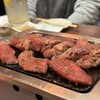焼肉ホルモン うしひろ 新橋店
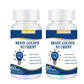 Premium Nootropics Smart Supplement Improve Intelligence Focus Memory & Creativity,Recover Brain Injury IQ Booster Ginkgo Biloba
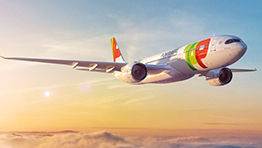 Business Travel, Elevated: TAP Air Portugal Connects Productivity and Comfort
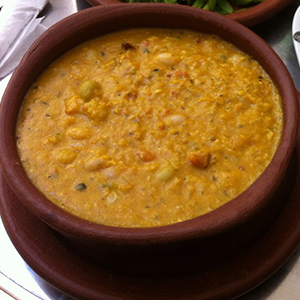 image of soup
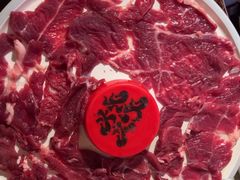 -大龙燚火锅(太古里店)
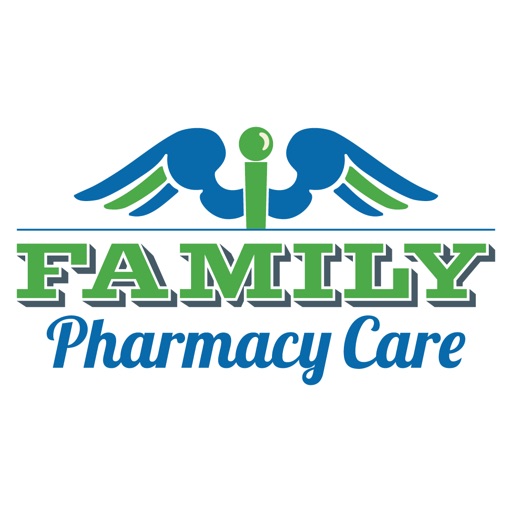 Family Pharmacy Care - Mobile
::::::::
▶ **Goal of the exercise**
Where a picture appears, skip it; repeat everything else in the data exactly.

▶ **Exercise response**
焼肉ホルモン うしひろ 新橋店
 Premium Nootropics Smart Supplement Improve Intelligence Focus Memory & Creativity,Recover Brain Injury IQ Booster Ginkgo Biloba
 Business Travel, Elevated: TAP Air Portugal Connects Productivity and Comfort
 image of soup
 -大龙燚火锅(太古里店)
 Family Pharmacy Care - Mobile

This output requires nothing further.